### Exercise
Output the exact lines that start at the one containing "انطلاق مباراة المكسيك" and continue to the last line of the entries below; do not output pictures.
*** Block opens ***
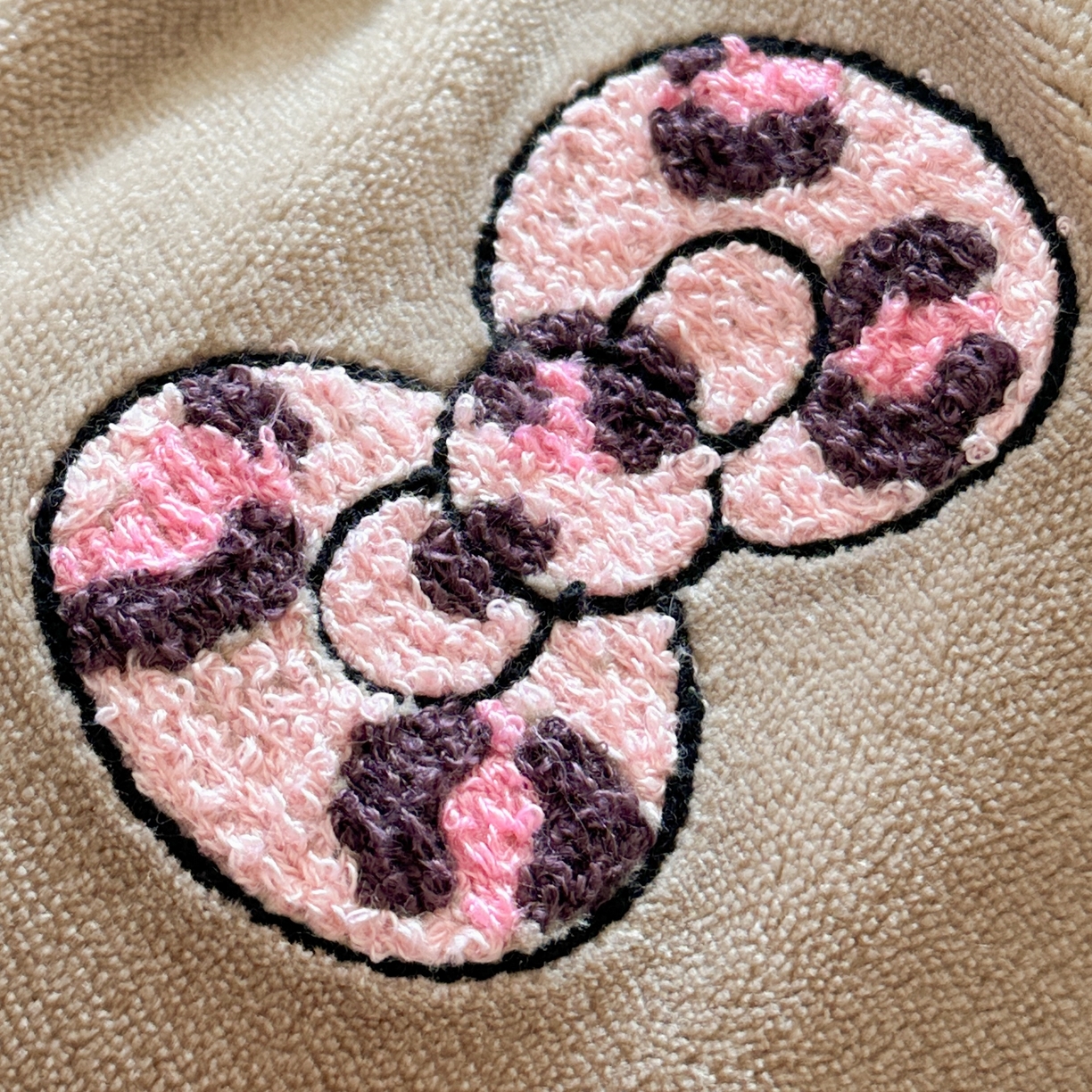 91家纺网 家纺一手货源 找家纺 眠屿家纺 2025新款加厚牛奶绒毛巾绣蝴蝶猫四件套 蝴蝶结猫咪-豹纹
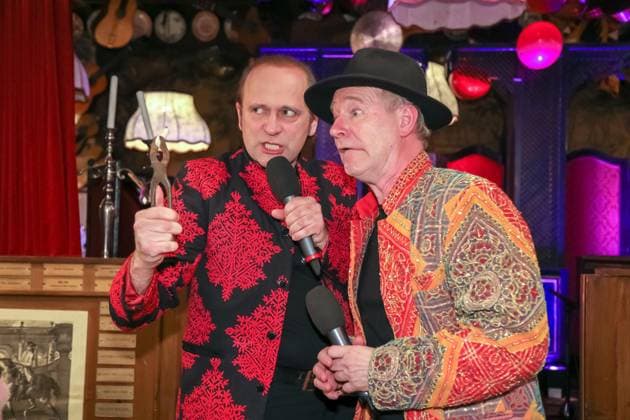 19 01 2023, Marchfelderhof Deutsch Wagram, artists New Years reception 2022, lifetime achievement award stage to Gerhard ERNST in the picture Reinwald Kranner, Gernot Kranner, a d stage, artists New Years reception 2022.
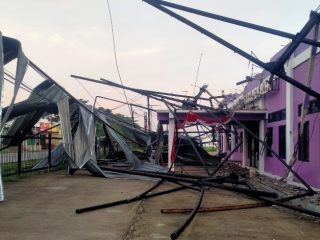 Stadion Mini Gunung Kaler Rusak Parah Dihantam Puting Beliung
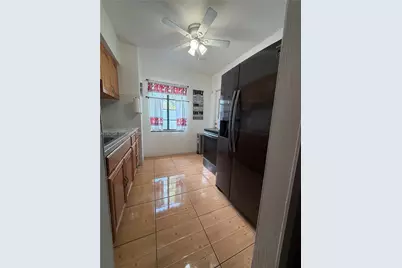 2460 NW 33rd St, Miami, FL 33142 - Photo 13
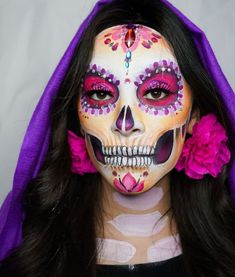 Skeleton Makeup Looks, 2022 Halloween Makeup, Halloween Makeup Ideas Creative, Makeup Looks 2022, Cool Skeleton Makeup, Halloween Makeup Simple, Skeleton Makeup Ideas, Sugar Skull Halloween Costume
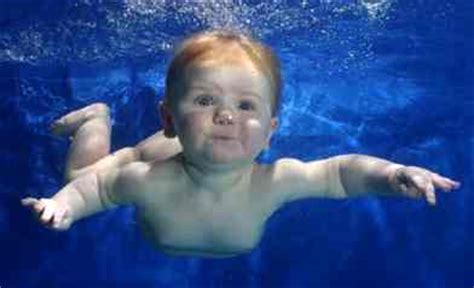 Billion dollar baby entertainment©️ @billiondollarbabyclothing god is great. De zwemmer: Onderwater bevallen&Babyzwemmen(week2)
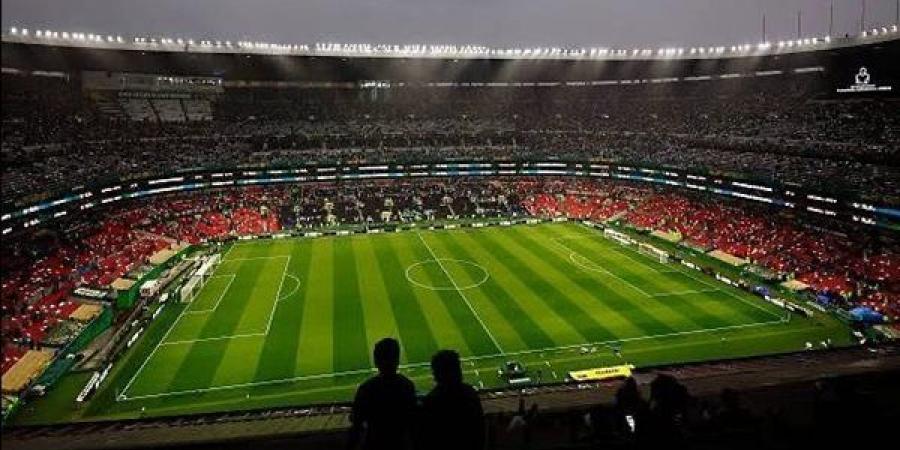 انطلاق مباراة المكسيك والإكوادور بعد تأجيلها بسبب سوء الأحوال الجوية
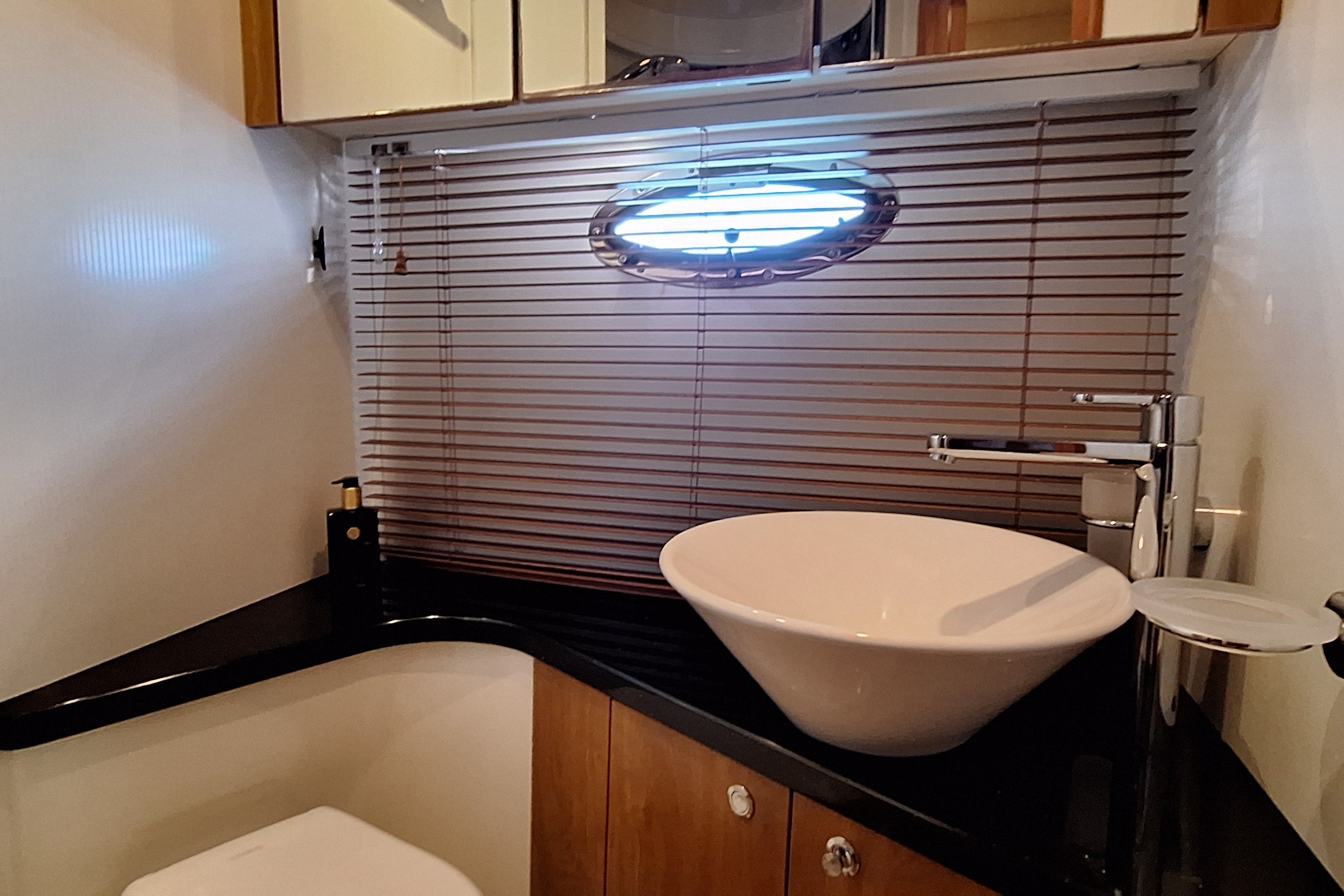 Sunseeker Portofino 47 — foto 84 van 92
*** Block closes ***
### Task solution
 انطلاق مباراة المكسيك والإكوادور بعد تأجيلها بسبب سوء الأحوال الجوية
 Sunseeker Portofino 47 — foto 84 van 92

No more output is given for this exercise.